Leadership in controversy

(I wrote this when the particular leadership controversy in question, the details of which are mostly mentioned in passing rather than described, was current. Bigger leadership controversies in FOSS have come to the fore since, but these questions remain.)

The title for this file is intentionally ambiguous, meant to evoke both the act of leading during a time of controversy as well as the act of leading into a situation of controversy.

There are a several points at which one could latch onto this discussion. To name just a few:

Whether or not the documentation should have been written to include in the first place the statement in question or not.

Once the statement was in the documentation, what reactions people had to it, and to what extent those reactions were immediately affecting based on personal experience and context, or anticipatory reactions on behalf of people with those experiences and contexts.

Once those interrogations of the text are given, whether or not to remove the statement in question from the documentation.

Once action to remove the statement in question has been taken, if and if so, how it is appropriate to revert the removal.

To the first question, if we ask what I would have done, I probably would not have included the 'joke' in the first place. That said, I tend much more to be a reader than a writer, which tendency I continue to work on overcoming (cf, this file). More to the point, I probably wouldn't have founded, much less pushed forward, something of the scope of the GNU project to begin with.

So, this brings the first point that seems relevant to me: People who create truly new things are, almost by definition and at least in some important ways, unconventional. This doesn't make flouting convention inherently creative, nor require all (small-c) creation to be accompanied by iconoclasm in every word and deed of the (small-c) creator. But, there is a connection.
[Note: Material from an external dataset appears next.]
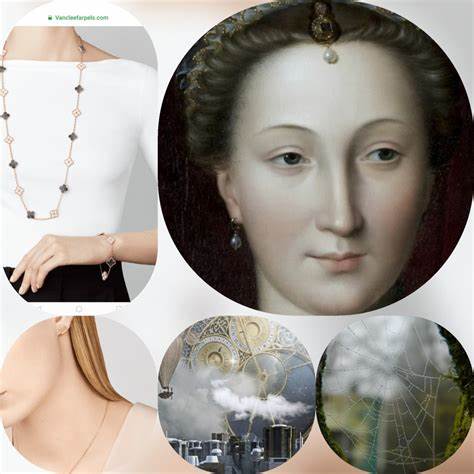 Диета дианы принцессы Диета дианы де пуатье - фото презентация Диета дианы де пуатье - фото презентация Диета дианы принцессы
Perhaps in some cases it comes from having, or cultivating, a certain naive view, a detachment, a lack of commitment to established norms:

This isn't to excuse 'bad behavior' so much as to wonder from whence it comes. Is there an irreducible link? Does the spotlight on these people bring our attention to foibles that might be prevalent, but unexplored, in others? Or, is there more of a drive to action in these people, which drive takes some paths we find laudable and some paths we find deplorable? Are these people more prone to sins of commission as compared to those of us whose sins of omission allow us to remain relatively anonymous in our passive virtue? Is this what even a small amount of power (even if just that that comes from fame or notoriety), or a lot of power even in a small community, tends to do to those without extraordinary abilities to resist?